Relative Mean Strike Rate plot

The plot below compares the Mean Strike Rate of the batsman for each of the runs ranges of 10 and plots them. The plot indicate the following Range 0 – 50 Runs – Ponting leads followed by Tendulkar Range 50 -100 Runs – Ponting followed by Sangakkara Range 100 – 150 – Ponting and then Tendulkar

frames <- list("./tendulkar.csv","./kallis.csv","ponting.csv","sangakkara.csv")
names <- list("Tendulkar","Kallis","Ponting","Sangakkara")
relativeBatsmanSR(frames,names)

tkps-relSR-1

Relative Runs Frequency plot

The plot below gives the relative Runs Frequency Percetages for each 10 run bucket. The plot below show

Sangakkara leads followed by Ponting

frames <- list("./tendulkar.csv","./kallis.csv","ponting.csv","sangakkara.csv")
names <- list("Tendulkar","Kallis","Ponting","Sangakkara")
relativeRunsFreqPerf(frames,names)

tkps-relRunFreq-1

Moving Average of runs in career

Take a look at the Moving Average across the career of the Top 4. Clearly . Kallis and Sangakkara have a few more years of great batting ahead.
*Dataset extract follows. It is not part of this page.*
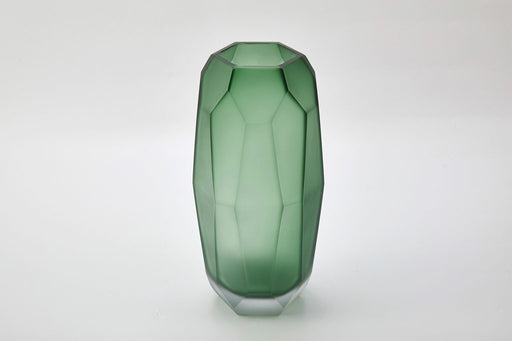 Verdant Vase T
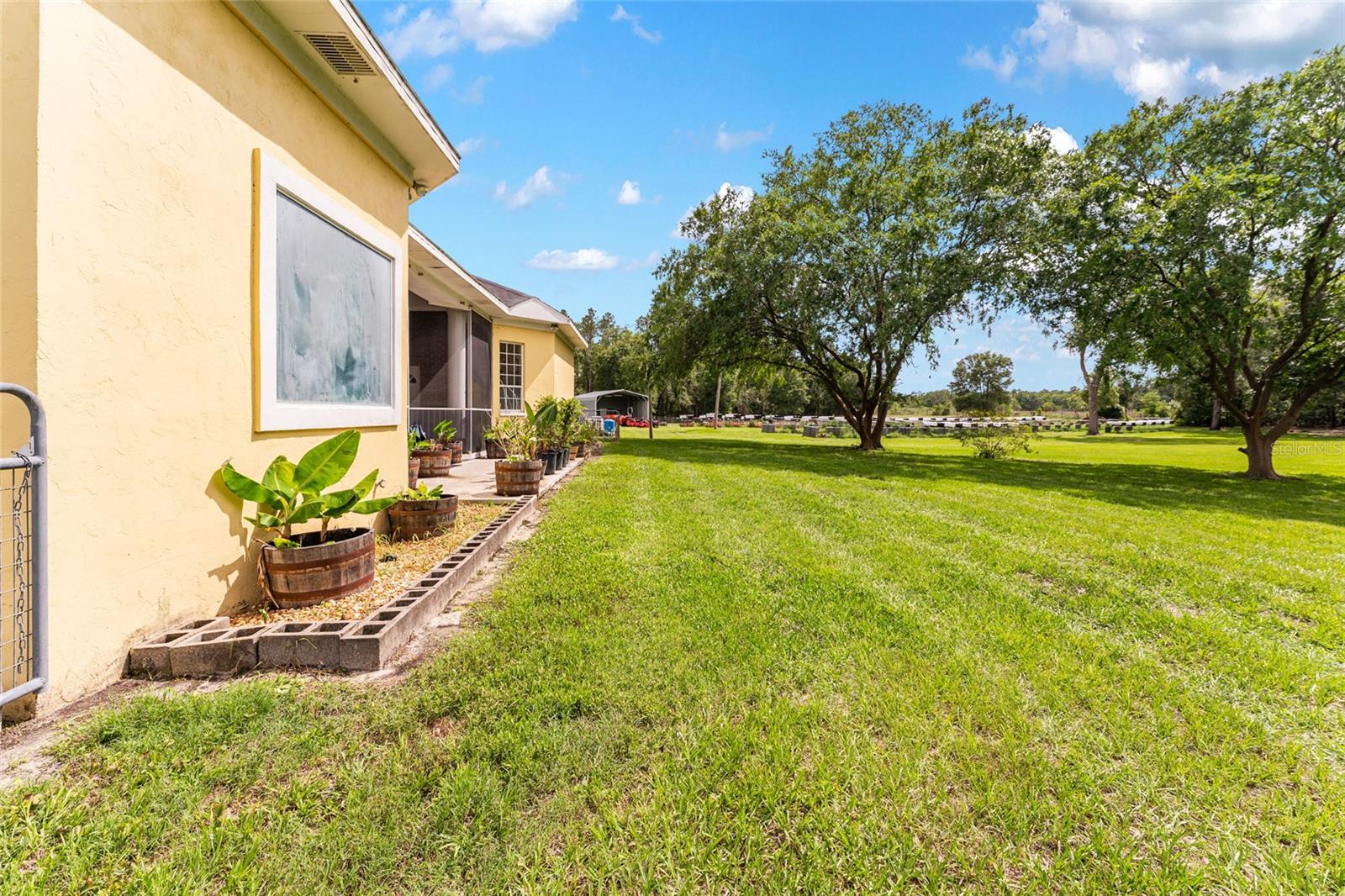 15510 Sw 149th Pl Property Photo 52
They seem to average on 50. . Tendulkar and Ponting definitely show a slump in the later years

par(mfrow=c(2,2))
par(mar=c(4,4,2,2))
batsmanMovingAverage("./tendulkar.csv","Sachin Tendulkar")
batsmanMovingAverage("./kallis.csv","Jacques Kallis")
batsmanMovingAverage("./ponting.csv","Ricky Ponting")
batsmanMovingAverage("./sangakkara.csv","K Sangakkara")

tkps-ma-1

dev.off()
## null device 
##           1

Future Runs forecast

Here are plots that forecast how the batsman will perform in future. In this case 90% of the career runs trend is uses as the training set. the remaining 10% is the test set.

A Holt-Winters forecating model is used to forecast future performance based on the 90% training set. The forecated runs trend is plotted. The test set is also plotted to see how close the forecast and the actual matches

Take a look at the runs forecasted for the batsman below.
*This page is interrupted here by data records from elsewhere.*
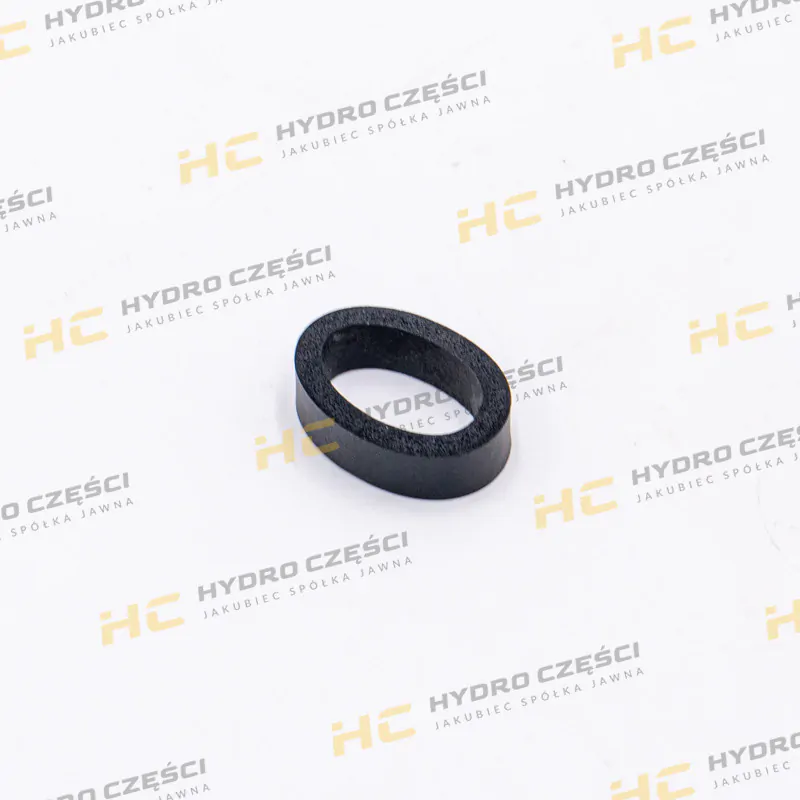 JCB Уплотнение под давлением 1004 1006 - KMP BRAND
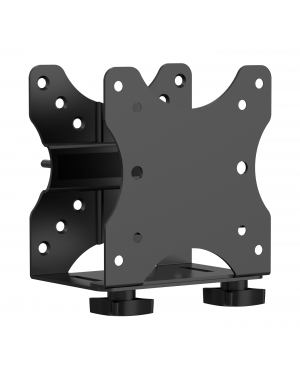 Thin Client Mini PC Holder 5kg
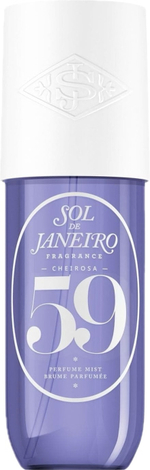 Sol de Janeiro Cheirosa '59 Perfume Mist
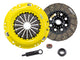 ACT 02-05 Lexus IS300 3.0L XT/Perf Street Rigid Clutch Kit - Burkken Auto Parts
  • Tendulkar’s forecasted performance seems to tally with his actual performance with an average of 50
  • Kallis the forecasted runs are higher than the actual runs he scored
  • Ponting seems to have a good run in the future
  • Sangakkara has a decent run in the future averaging 50 runs
par(mfrow=c(2,2))
par(mar=c(4,4,2,2))
batsmanPerfForecast("./tendulkar.csv","Sachin Tendulkar")
batsmanPerfForecast("./kallis.csv","Jacques Kallis")
batsmanPerfForecast("./ponting.csv","Ricky Ponting")
batsmanPerfForecast("./sangakkara.csv","K Sangakkara")

tkps-perffcst-1

dev.off()
## null device 
##           1

Check Batsman In-Form or Out-of-Form

The below computation uses Null Hypothesis testing and p-value to determine if the batsman is in-form or out-of-form. For this 90% of the career runs is chosen as the population and the mean computed. The last 10% is chosen to be the sample set and the sample Mean and the sample Standard Deviation are caculated.

The Null Hypothesis (H0) assumes that the batsman continues to stay in-form where the sample mean is within 95% confidence interval of population mean The Alternative (Ha) assumes that the batsman is out of form the sample mean is beyond the 95% confidence interval of the population mean.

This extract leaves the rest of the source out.